Bu magazin haberlerinden dolayı kimsenin hayatı kaymadı...
Ama basına sızdırılan bu ifadeler yüzünden her gün hayatlar altüst oluyor.
Katil zanlısı, “Arabanın arkasında birlikte olduk” diyor, öldürülen kadının “Sen diğer erkeklerden daha iyi çıktın” dediğini iddia ediyor...
Gazeteler de bunları doğruluğuna bakmadan basıyor...
Nasıl inanıyorsunuz bir katilin sözlerine?
O sözlere inanıp yapılan haberler sonrasında öldürülen kadının kafamızdaki imajının ne olduğunu yazmama gerek yok herhalde?

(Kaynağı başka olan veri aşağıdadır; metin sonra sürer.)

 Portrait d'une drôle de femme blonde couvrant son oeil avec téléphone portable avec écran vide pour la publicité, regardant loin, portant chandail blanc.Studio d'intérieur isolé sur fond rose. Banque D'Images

Katile dayanarak yapılan bu haberler, öldürülen kadının yakınlarının özel hayatına müdahale değil mi?
Asıl özel hayat bu!
Öldürülen kadının 20 yaşında kızı, 22 yaşında oğlu okul değiştiriyor, mahalle değiştiriyor şimdi... Buna kimin hakkı var?

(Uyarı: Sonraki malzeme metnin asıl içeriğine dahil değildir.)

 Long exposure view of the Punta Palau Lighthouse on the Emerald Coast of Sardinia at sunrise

Timuçin Esen’in yerlerde sürüklenmesini bu kadar tartışan medya, 20 yaşındaki çocukların hayatının medya eliyle altüst edilmesini neden tartışmıyor?
Levent Kırca’nın özel hayatına giren magazinciler kötü...

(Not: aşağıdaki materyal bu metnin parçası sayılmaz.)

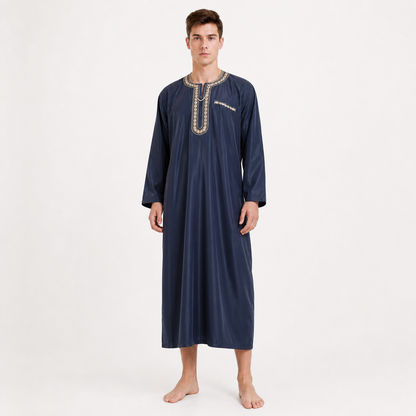 Navy blue full-length robe shown on a barefoot full-body model, featuring long sleeves and embroidered trim around the neckline and chest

Boğularak öldürülen kadının ve ailesinin özel hayatını mahveden istihbaratçılar, haberciler ise büyük gazeteci öyle mi?
İkiyüzlü olmayalım...
Biz köşe yazarları sadece magazincileri döverek vicdanımızı rahatlatmayalım, bu verdiğim örnek yanında magazincilerin yaptığı özel hayata müdahale falan hiç değildir...
Altın Portakal son sözler
Bir yarışmanın iki birincisi olur mu? En iyi film ödülünün Kosmos ve Bornova Bornova arasında bölüştürülmesi jürinin basiretsizliğidir. Bornova Bornova’ya kıyamamakla, Reha Erdem’i bu yıl da görmezden gelmek arasına sıkışıp kaldılar, orta yolcu bir çözüm buldular. 46 yıllık festivalin tarihine geçti bu jüri...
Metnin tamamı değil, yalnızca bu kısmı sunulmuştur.